However, IBM choose $\beta$ = 16, $p$ = 6 for its [IBM system/370](https://en.wikipedia.org/wiki/IBM_System/370)
- ==Increased exponent== :
Hence the significand requires 24 bits. Since this must fit into 32 bits, this leaves 7 bits for the exponent and 1 for the sign bit. Thus,the magnitude of representable numbers ranges from about $16^{-2^6}$ to about $16^{2^6} = 2^{2^8}$ To get a similar exponent range when $\beta$ = 2 would require 9 bits of exponent, leaving only 22 bits for the significand.
- ==shifting==
When adding two floating-point numbers, if their exponents are different, one of the significands will have to be shifted to make the radix points line up, slowing down the operation. In the $\beta$ = 16, $p$ = 1 system, all the numbers between 1 and 15 have the same exponent, so no shifting is reqired when adding any of the ${15}\choose{2}$ = 105 possible pairs of distinct numbers from this set.In the $\beta$ = 2, $p$ = 4 system, however, these numbers have exponents ranging from 0 to 3, and shifting is required for 70 of the 105 pairs.
#### Special Quantities
- On some floating-point hardware every bit pattern represents a valid floating-point number. The IBM System/370 is an example of this. On the other hand, the VAX reserves some bit patterns to represent special numbers called **reserved operands**.
- IEEE standard continues in this tradition and has NaNs(Not a Number) and infinites. Without special quantities, there is no good way to handle exceptional situations like taking the square root of a negative number other than aborting computation. So the IEEE standard specifieds the following special values: $\pm 0, denormalized \ num, \pm \infty \ and \ NaNs$
|Exponent|Fraction|Represents|
|:----:|:----:|:----:|
|$e = e_{min} -1$|$f=0$|$\ \pm0$|
|$e = e_{min} -1$|$f\ne0$|$0.f\times2^{e_{min}}$|
|$e_{min} \leq e \leq e_{max}$|all|$1.f \times 2^e$|
|$e = e_{max} +1$|$f=0$|$\pm\infty$|
|$e = e_{max} +1$|$f \ne 0$| NaN|
#### Exception, Flags and Trap Handlers
Exception
- When an exceptional condition like division by zero or overflow occurs in IEEE arithmetic, the default is to deliver a result and continue. Typical of the default results are Nan for 0/0 and $\sqrt{-1}$ and $\infty$ for 1/0 and overflow.
Flags
- The flags are ''sticky'' in that once set, they remain set until explicitly cleared. Such like testing the flags is the only way to distinguish 1/0, which is a genuine infinity from an overflow.
Trap Handlers
- Sometimes continuing executing in the face of exception conditions is not appropriate. Here is a example
- $x/(x^2+1)$, when $x> \sqrt{\beta}\ \beta^{e_{max}/2}$, the denominator is infinite, resulting in a final answer of 0, which is totaly wrong.
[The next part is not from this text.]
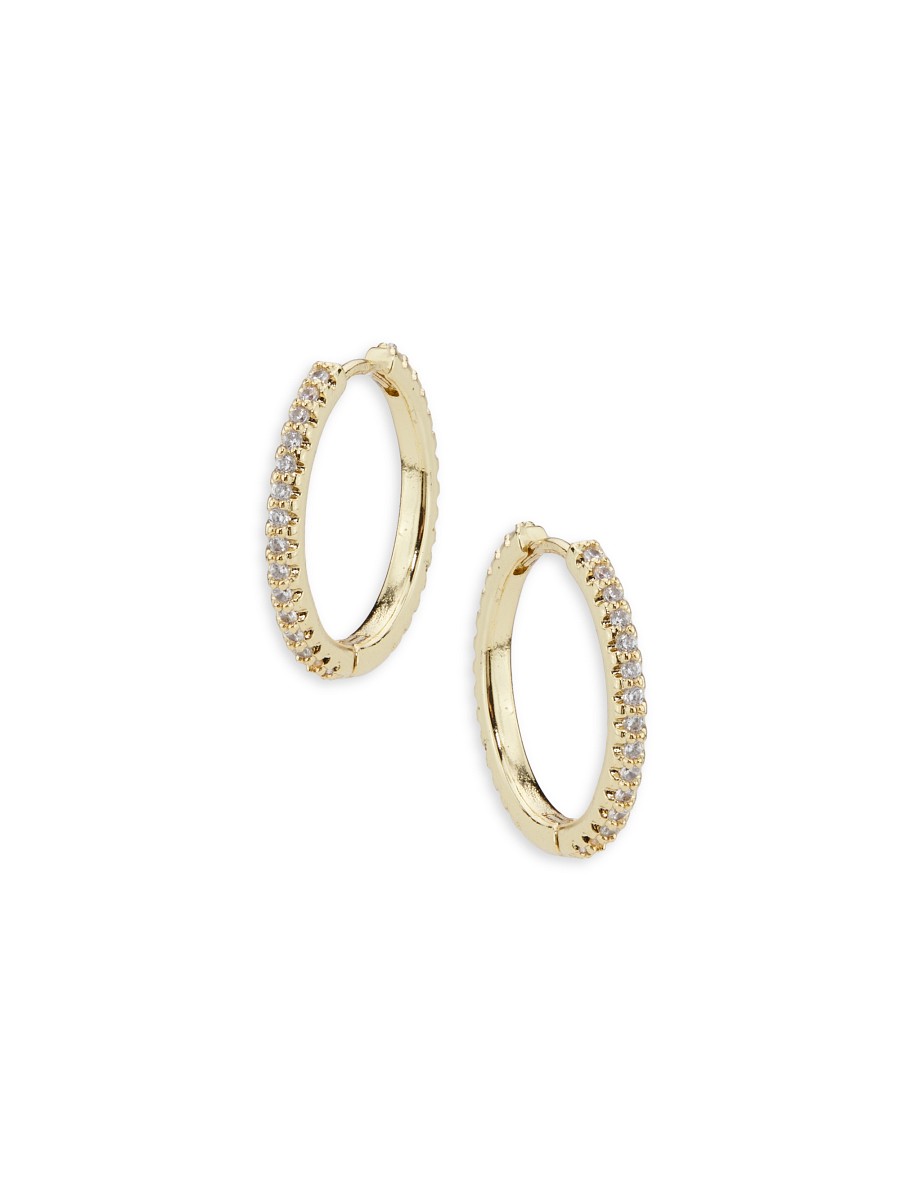 Women's Crystal Bloom 14K Goldplated & Cubic Zirconia Huggie Earrings -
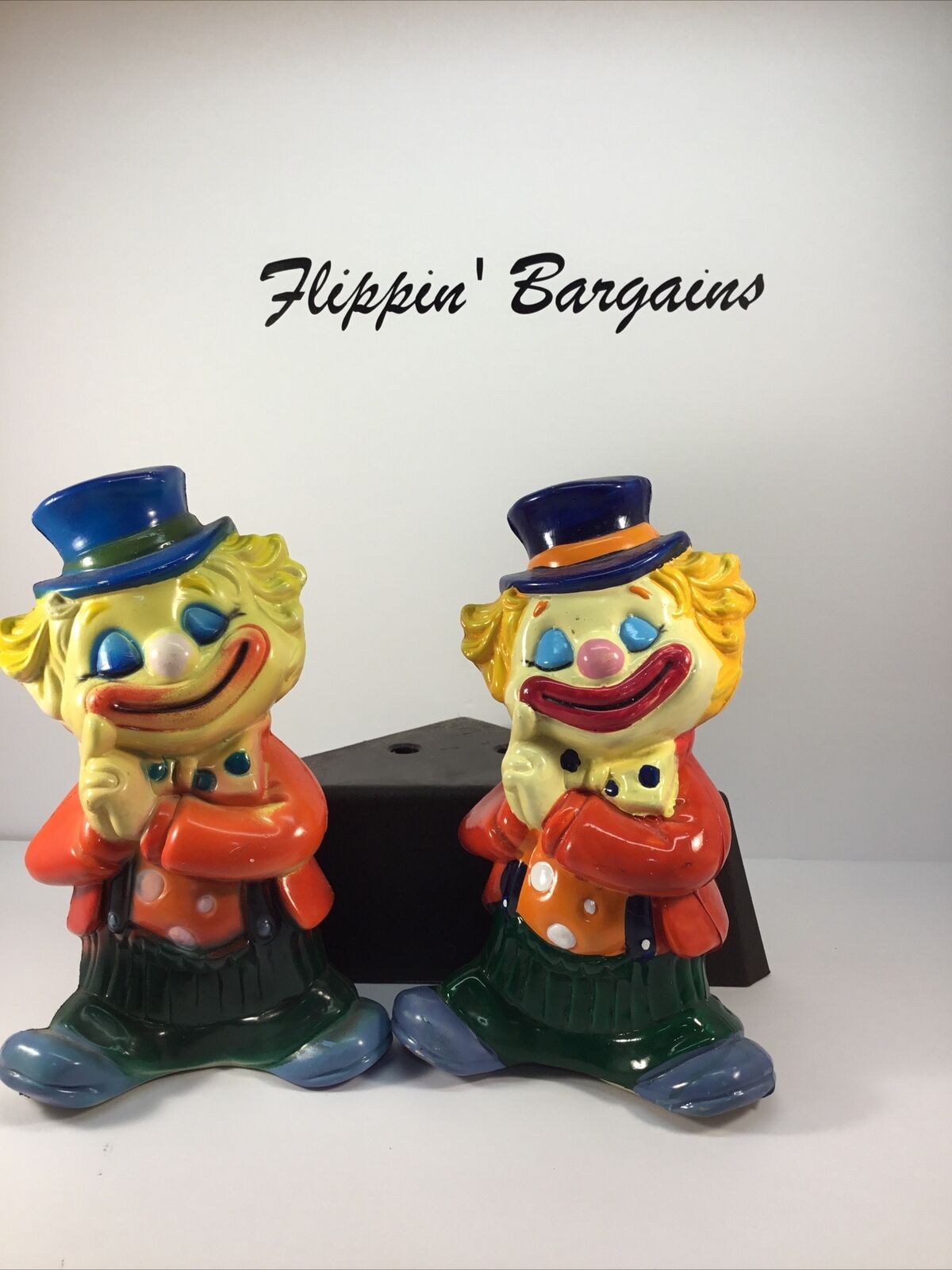 Vintage Plastic Hobo Happy Clown Coin Collectible Piggy Bank Antique With Plugs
- Although rewriting the expression as $1/(x+x^{-1})$ may solve the problem above, rewriting may not always solve the problem.
- The IEEE standard strongly recommends that implementations allow trap handlers to be installed.
|Exception|Result When Traps Disabled|Argument to Trap Handler|
|:----:|:----:|:----:|
|Overflow|$\pm\infty \ or \ \pm x_{max}$|Round($x2^{-\alpha}$)|
|Underflow|0, $\pm2^{min} \ or \ denormal$|Round($x2^{\alpha}$)|
|Divide by zero|$\pm\infty$|Operands|
|Invalid|NaN|Operands|
|Inexact|round($x$)|round($x$)|
- One obvious use for trap handlers is for backward compatibility.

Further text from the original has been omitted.